I'm working on poc project in java using kafka -> flink -> elastic search.
On kafka will be produced an unpredictable number of events from 0 up to thousands of events/sec such as on a specific topic.
{"gid":"abcd-8910-2ca4227527f9", "state":"stateA", "timestamp:1465566255, "other unusefull info":"..."}
Flink will consume this events and should sink every second into elastic search the number of events in each state ex:
{"stateA":54, "stateB":100, ... "stateJ":34}
I have 10 states: [Created, ... , Deleted]
with an average life cycle of 15 minutes. The state can change twice a second. Theoretically new states could be added.
In order to sink streams every second I'm thinking to use flink's time windows https://flink.apache.org/news/2015/12/04/Introducing-windows.html
The problem is that I need stateful objects with info about guid->previous-state
and stateX->count
in order to be able to increment/decrement the count when new event occurs.

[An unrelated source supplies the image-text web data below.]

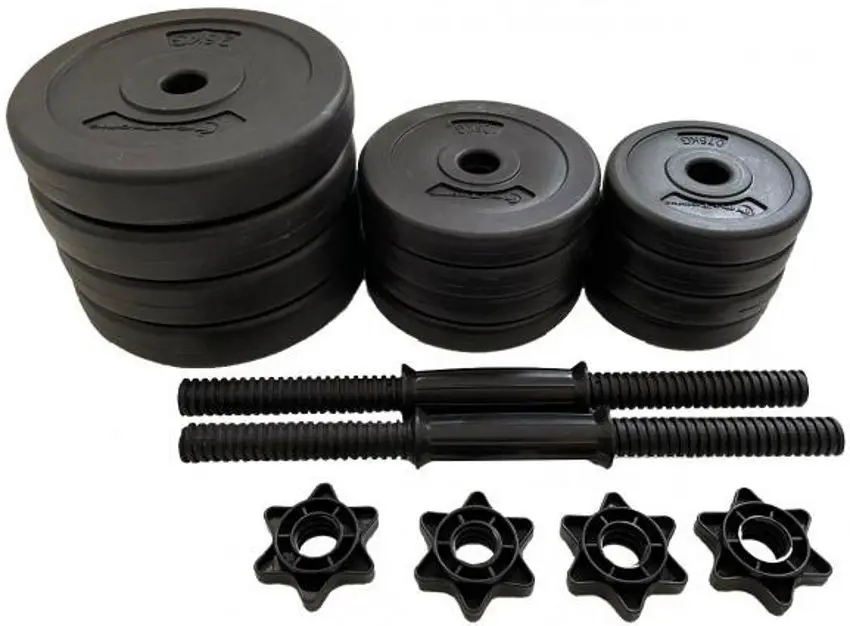 Набор гантели + штанга FitTronic GR50 50kg (Black)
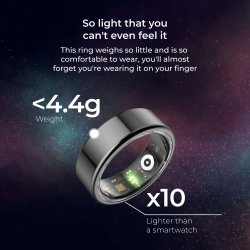 KSIX SMARTRING Black Size Small (59,0)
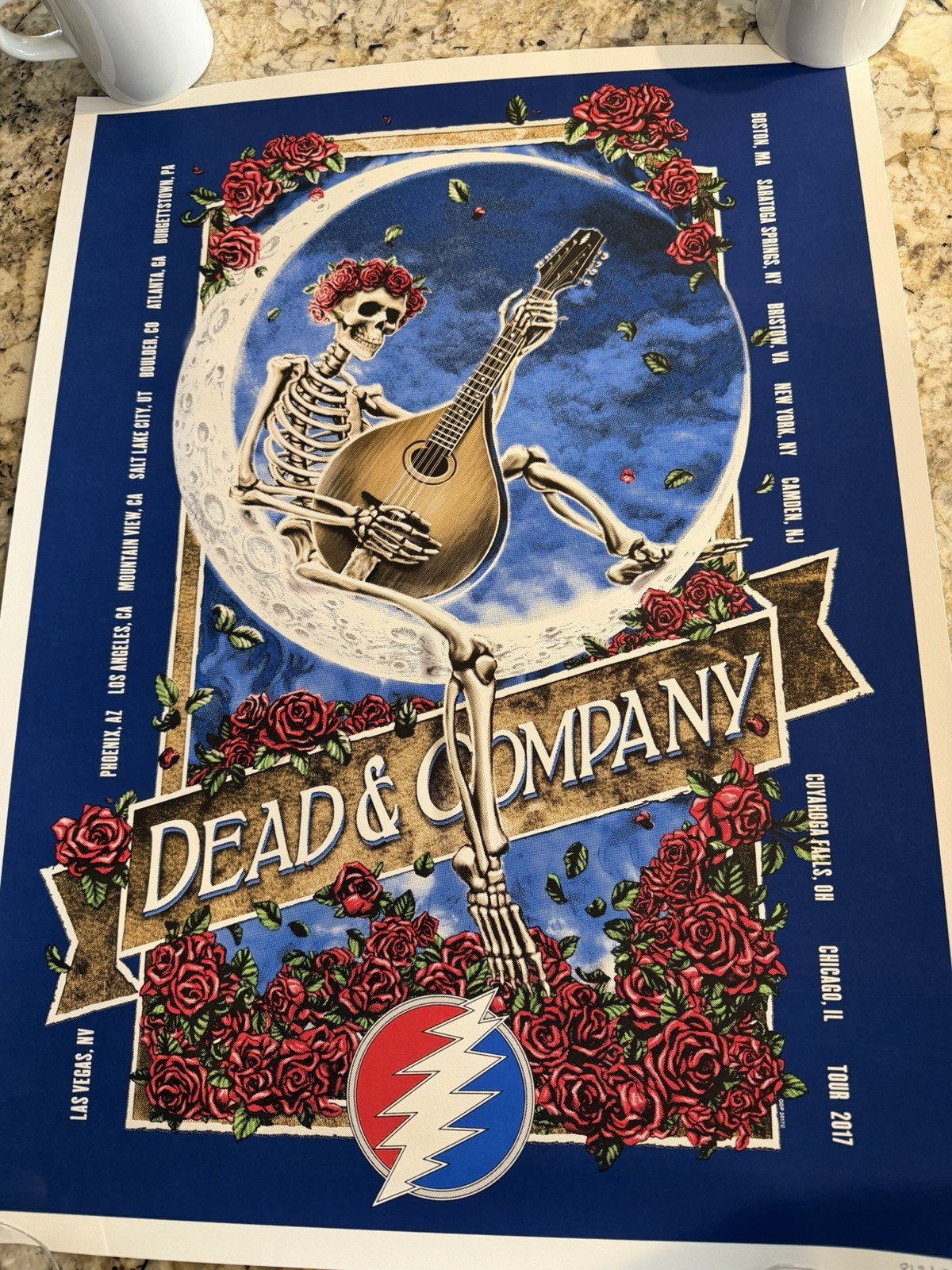 2017 Dead and Company Tour Poster 812/3000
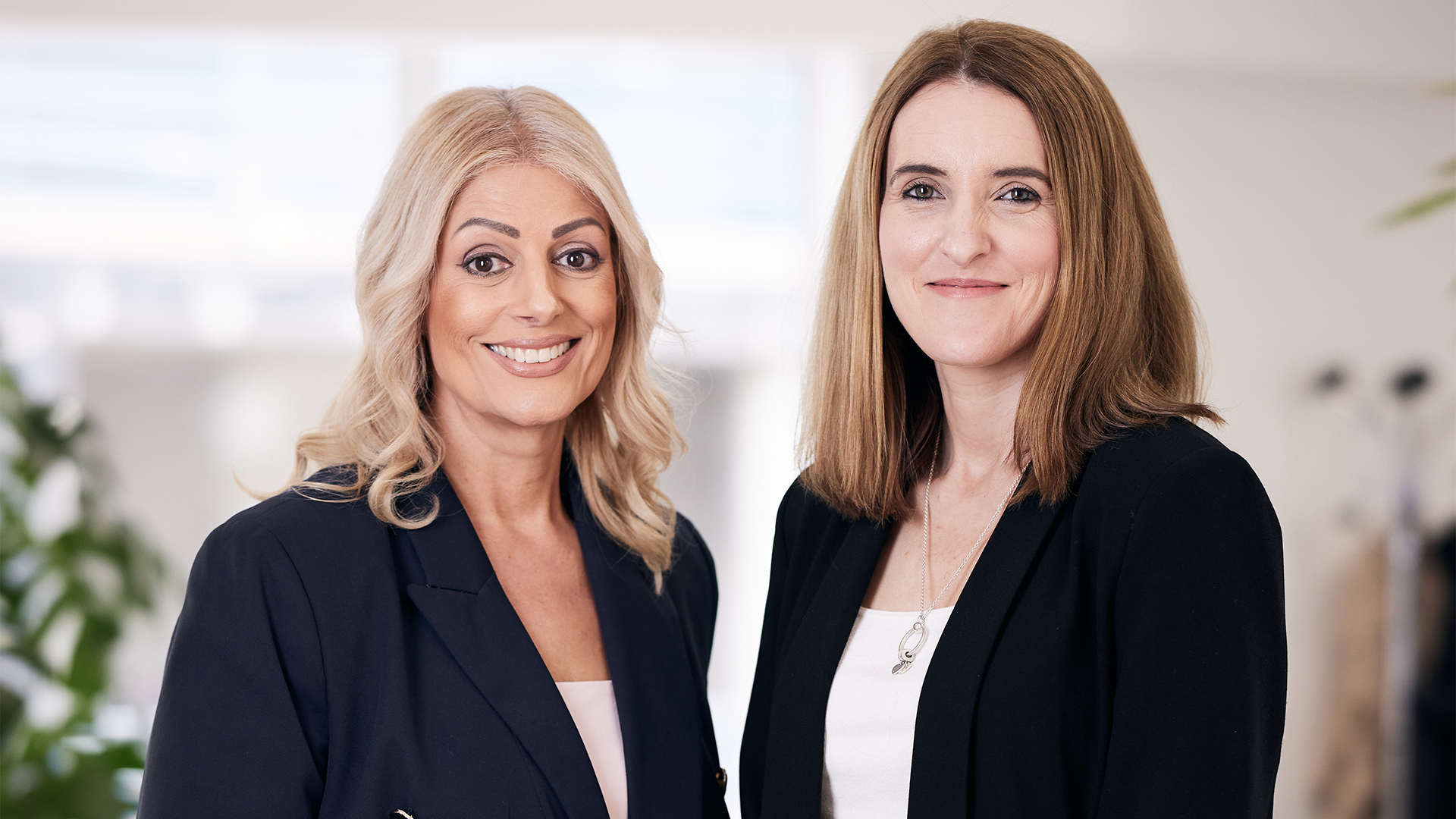 Advania chief financial officer (CFO) Sabrina Harris pictured alongside chief marketing officer (CMO) Tara Allison.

I found a draft document about stateful steam processing https://cwiki.apache.org/confluence/display/FLINK/Stateful+Stream+Processing
I'm new to flink and stream processing, I didn't dig into flink stateful stream processing yet. For the first phase I'm thinking to use static objects for this, but this approach won't work when several flink instances will be launch.
I want to ask you:
- What do you think about this approach ?
- Is flink suited for this kind of stream processing ?
- What will be your approach for solving this problem ?
Also I'd appreciate some code snippets for the windowed stateful stream solution (or other solutions).
Thanks,